The upcoming midterm elections appear to be some of the most closely watched in history, with interest sparking in a non-presidential ticket like never before. This appears evident from the current pace of voter turnout, which appears primed to shatter previous records, Axios reported Saturday. 

November's election is already on pace with the 2018 midterms, which had a similar level of interest. CNN says more than 5.8 million ballots have already been cast in early voting across 39 states. By this date in 2018, just over 5 million people had voted early, suggesting there will likely be a continued record pace when it comes to early voting this year. 

The upcoming elections may also set a new record for the total number of votes cast in a midterm year. Over 122 million people voted in the 2018 midterm elections, according to the Pew Research Center, the highest turnout in a midterm since 1978. If the current pace of early voting continues, the 2022 midterms appear likely to pass that figure. 

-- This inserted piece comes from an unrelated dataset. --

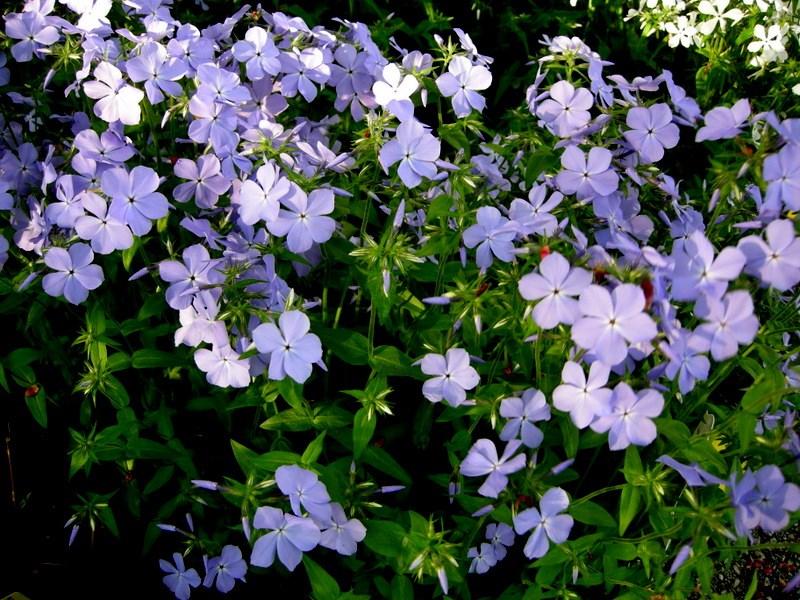 PHLOX DIVARICATA BLUE MOON Height: 12-18 Spread: 8-12 Selected for outstanding flower color and very full flower petals, 'Blue Moon' bears many fragrant, 5- petaled flowers with the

Axios noted that a number of states are already seeing record-breaking early voting, particularly in two key battleground states, Georgia and Ohio. 

According to WAGA-TV in Atlanta, the state of Georgia has already seen first-day early voting numbers that were twice as high as in 2018. In Ohio, meanwhile, the Columbus Dispatch reported nearly 945,000 people had already voted early or requested a mail-in ballot in the first week, a 2.7 percent increase from 2018.